(Items listed in a dataset)
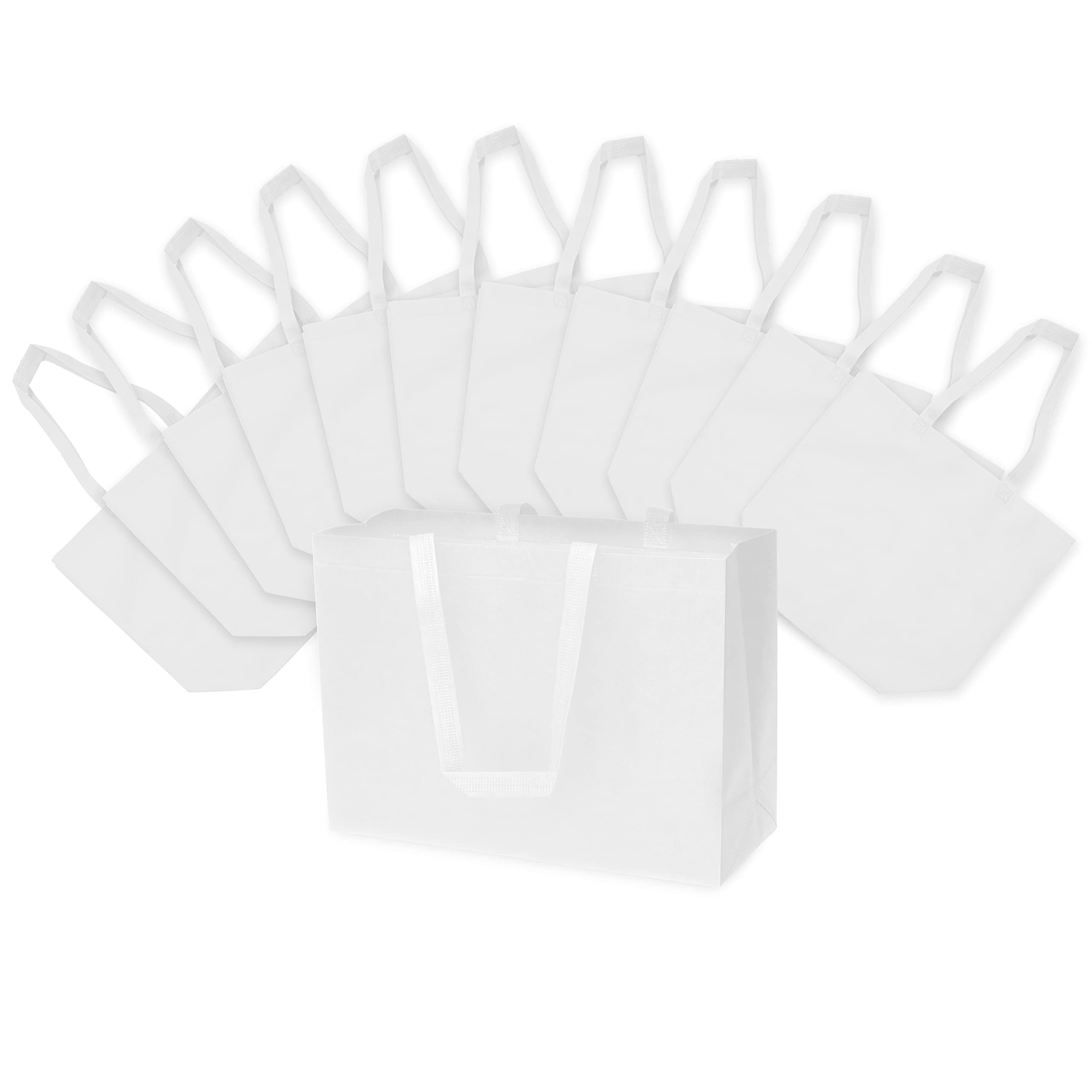 Reusable Gift Bags - 12 Pack Large Totes with Handles, White Eco Friendly Fabric - Size 16x6x12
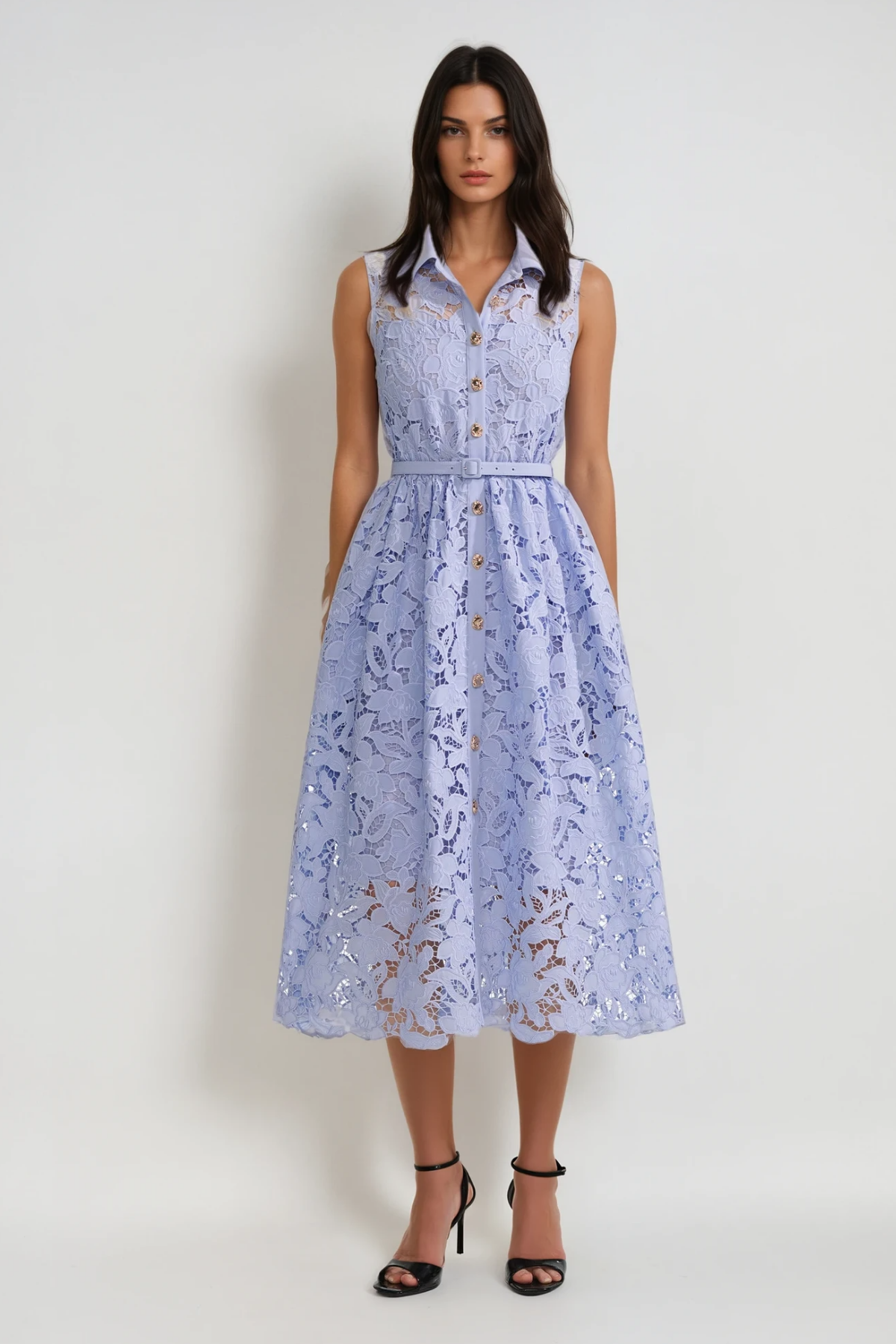 Calixtus Embroidered Sleeveless Cutout Midi Dress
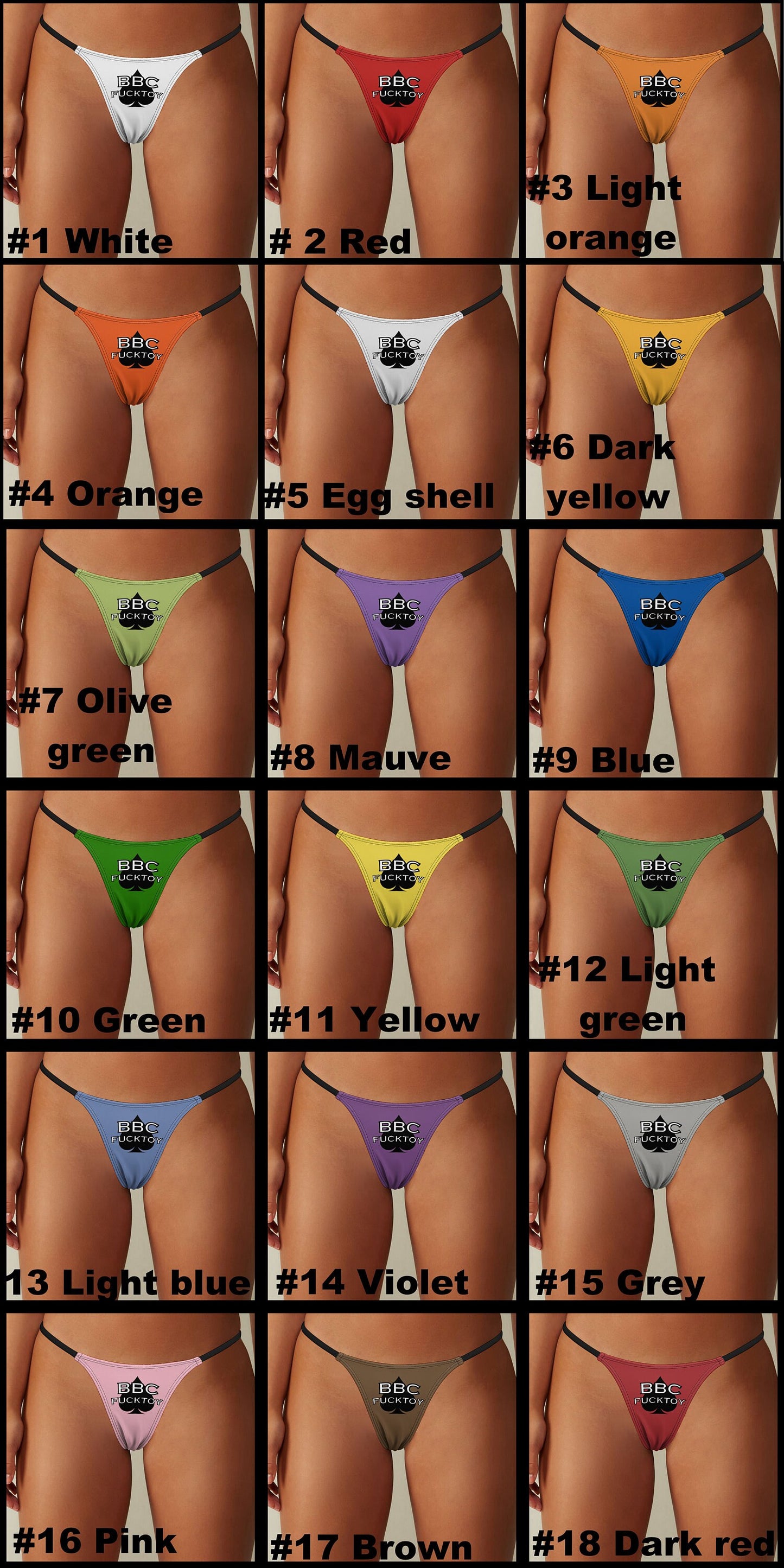 BBC FUCTOY Thong, 18 colors, slut clothing, cuckolding, hotwife panties, qos thong, queen of spades clothing, panties queen of spades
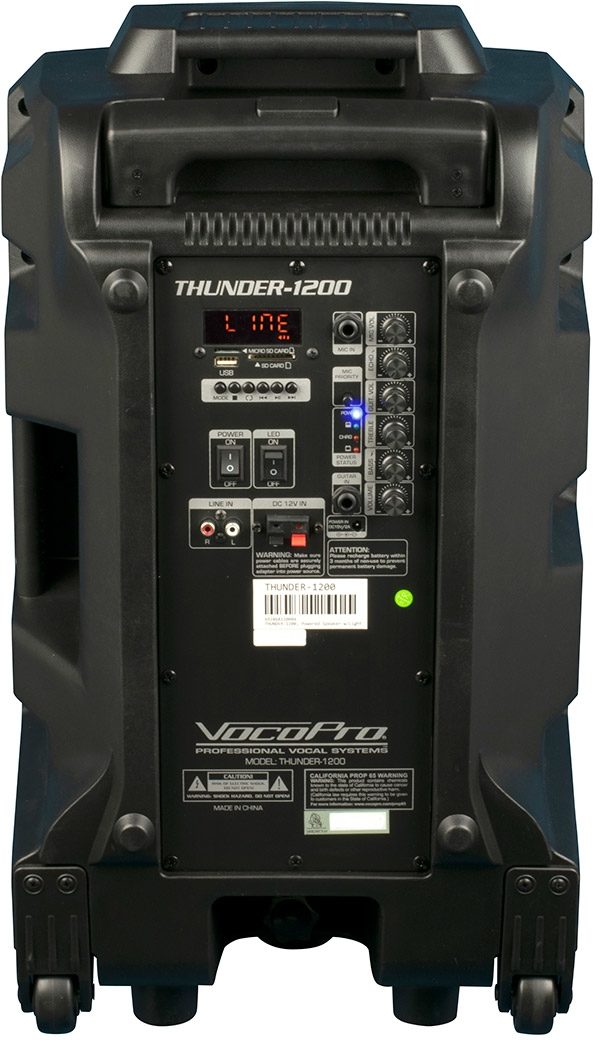VocoPro Karaoke Thunder 1200 Powered Party PA Speaker (with Lights), Main Back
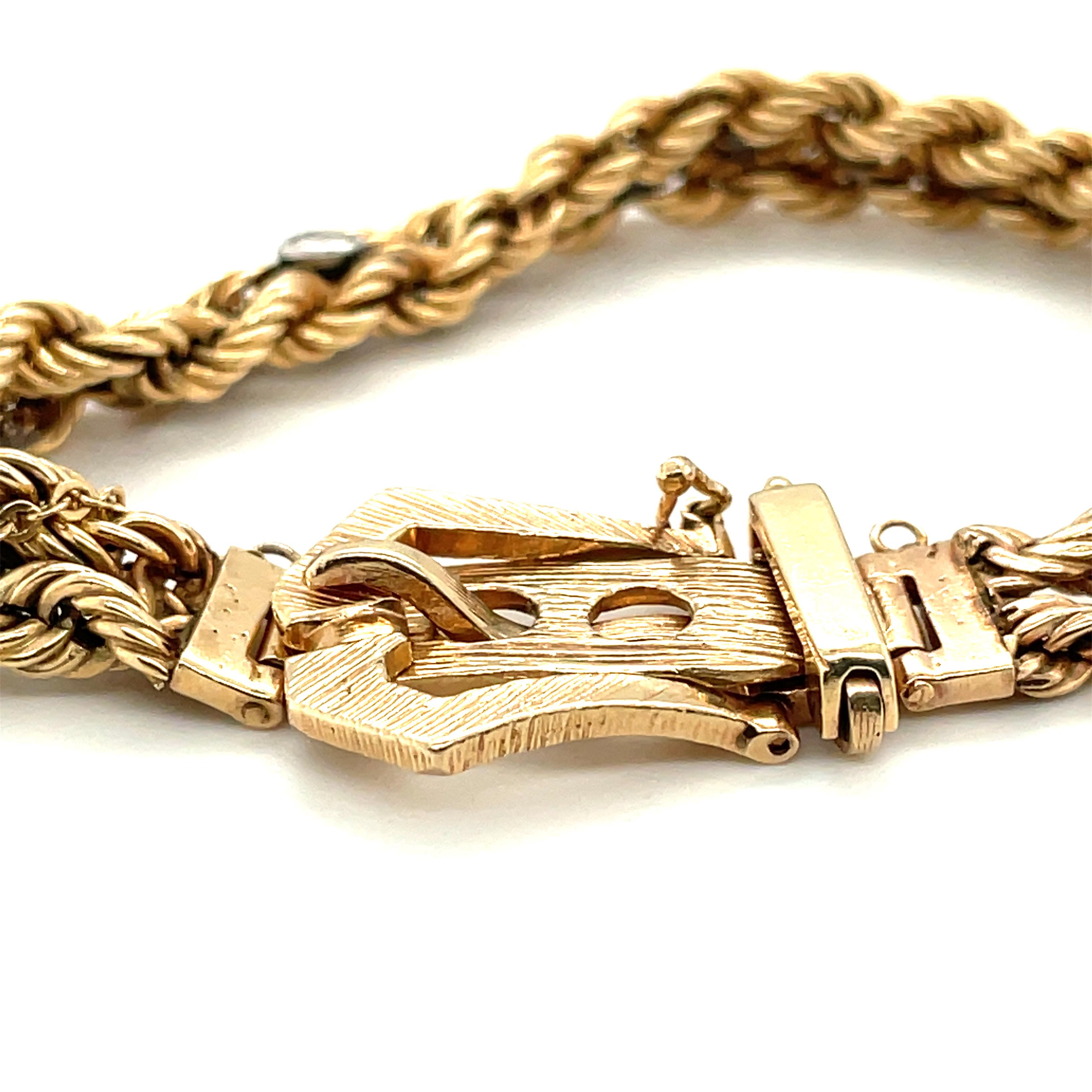 Round Cut 14K Yellow Gold Diamond Rope Chain Buckle Bracelet For Sale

● Assigned task
Lines from the one containing "Calixtus Embroidered Sleeveless" through the final line of the entries above are to be retyped exactly, with every picture left out.

● Result of this task
 Calixtus Embroidered Sleeveless Cutout Midi Dress
 BBC FUCTOY Thong, 18 colors, slut clothing, cuckolding, hotwife panties, qos thong, queen of spades clothing, panties queen of spades
VocoPro Karaoke Thunder 1200 Powered Party PA Speaker (with Lights), Main Back
 Round Cut 14K Yellow Gold Diamond Rope Chain Buckle Bracelet For Sale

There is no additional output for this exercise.